Other relevant circumstances

                        State of the Register

[87]           The Applicant filed state of the register evidence. It is in the form of an affidavit of Annabelle Topor, a paralegal in the Intellectual Property Group at the Applicant’s agent firm.

[88]           She performed 22 searches of the trade-marks register on the CIPO database. She explains how she performed them. The first group of searches (11 of them) was performed on September 7 and 9, 2012. She located all trade-mark registrations issued since November 13, 1986 (as the earliest active registration of the Opponent with a globe design was registered on November 14, 1986, (TMA320507)) showing marks bearing either a terrestrial globe or a sphere as a design element. Here is a summary of the results with the key words used:

telecom*: 172 results

televis*: 154 results

communica*: 180 results

transmit*: 149 results

video*: 168 results

broadcast*: 74 results

conferenc*: 153 results

fib* optic*: 11 results

cable*: 61 results

stream*: 18 results

provide access: 51 results

 

There are citations appearing under multiple search results.

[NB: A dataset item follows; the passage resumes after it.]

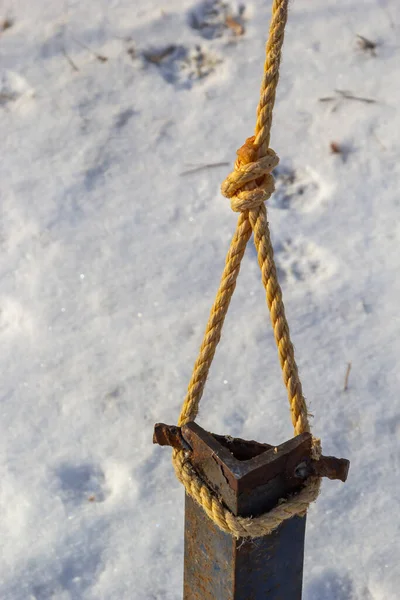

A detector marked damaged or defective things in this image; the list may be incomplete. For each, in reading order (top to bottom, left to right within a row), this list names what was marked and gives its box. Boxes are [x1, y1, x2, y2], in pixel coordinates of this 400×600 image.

rusty metal post [155, 422, 348, 600]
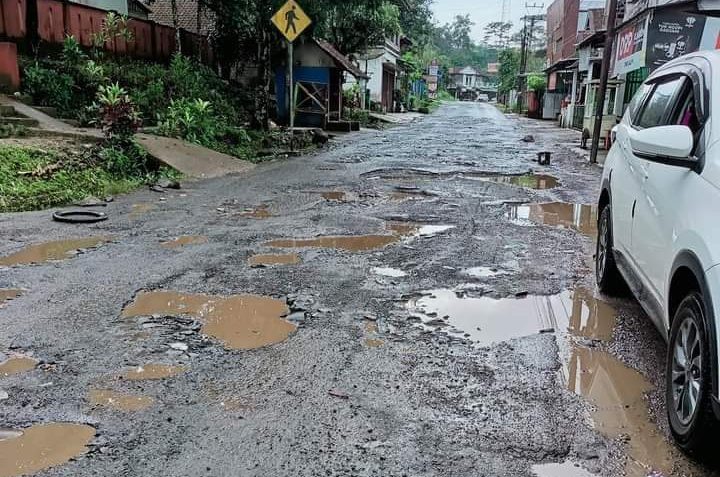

[89]           The second group of searches refers to pending applications. She located all allowed applications for trade-marks bearing either a terrestrial globe or a sphere as a design element since November 13, 1986 up to September 4, 2012. Here is a summary of the results with the key words used:

telecom*: 202 results

televis*: 174 results

communica*: 208 results

transmit*: 181 results

video*: 198 results

broadcast*: 86 results

conferenc*: 172 results

fib* optic*: 16 results

cable*: 67 results

stream*: 20 results

provide access: 59 results

 

Again, there are citations appearing under multiple search results

[90]           She then printed out each citation once and did not include the Opponent’s 23 registrations she located. In all, this evidence is included in 5 large binders, where the pages are not numbered. I shall restrain my analysis of the state of the register evidence to the citations contained in ‘Annexe 1’ to the Applicant’s written argument. As mentioned previously, it consists of 38 citations. I shall refer to any of them by its number used by the Applicant in the afforesaid annex.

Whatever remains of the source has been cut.